EXTRACTED DATA:
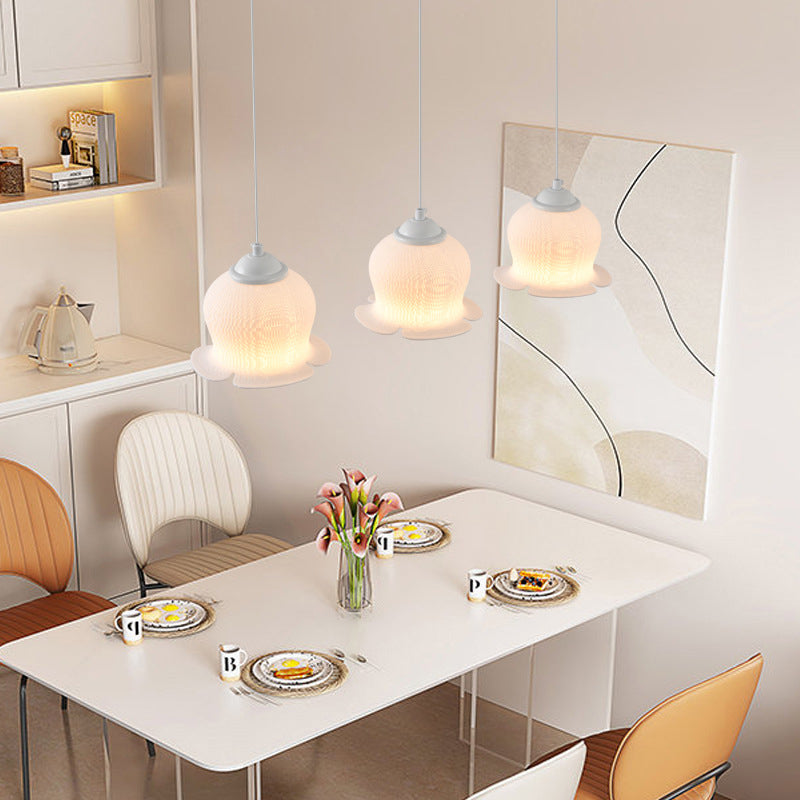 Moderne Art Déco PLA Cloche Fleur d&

* * *

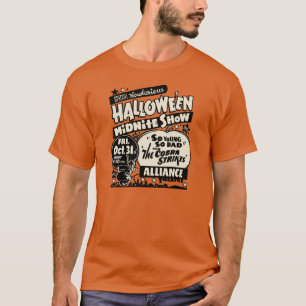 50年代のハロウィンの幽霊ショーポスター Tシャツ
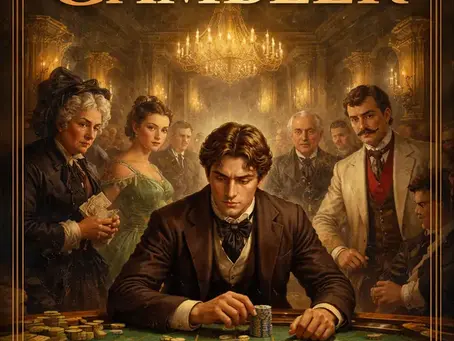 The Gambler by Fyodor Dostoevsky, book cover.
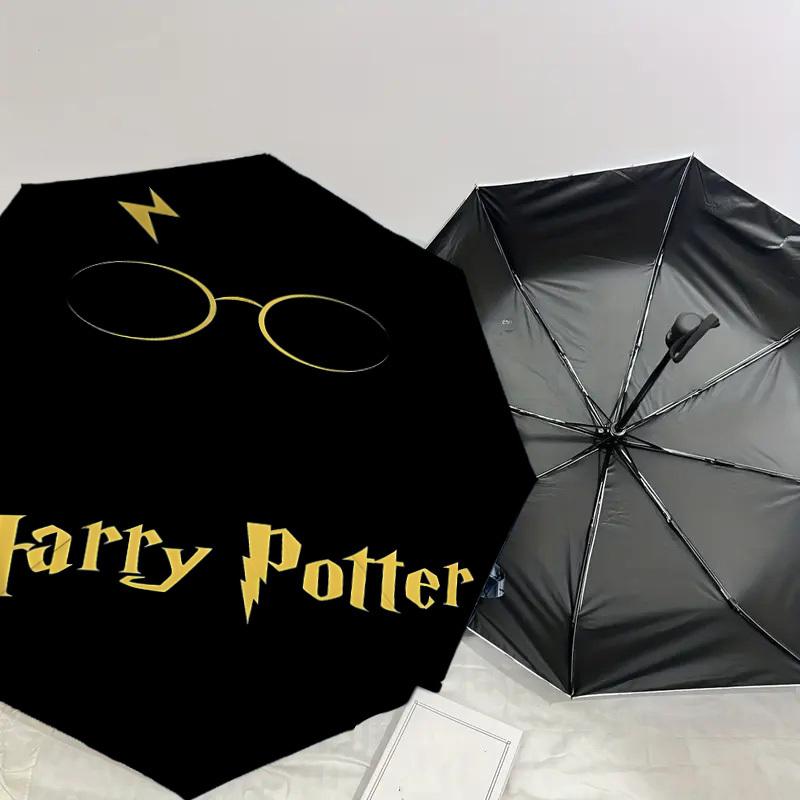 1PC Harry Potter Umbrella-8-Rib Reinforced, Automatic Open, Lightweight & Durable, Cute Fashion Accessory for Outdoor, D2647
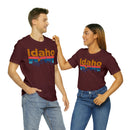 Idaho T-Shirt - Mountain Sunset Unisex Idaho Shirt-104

WHAT NEEDS TO BE DONE: What to print is the stretch of entries from the line with "The Gambler by" up to and including the line with "Idaho T-Shirt - Mountain". Please print it exactly and leave out the pictures.

ANSWER FOR THE TASK:
 The Gambler by Fyodor Dostoevsky, book cover.
 1PC Harry Potter Umbrella-8-Rib Reinforced, Automatic Open, Lightweight & Durable, Cute Fashion Accessory for Outdoor, D2647
 Idaho T-Shirt - Mountain Sunset Unisex Idaho Shirt-104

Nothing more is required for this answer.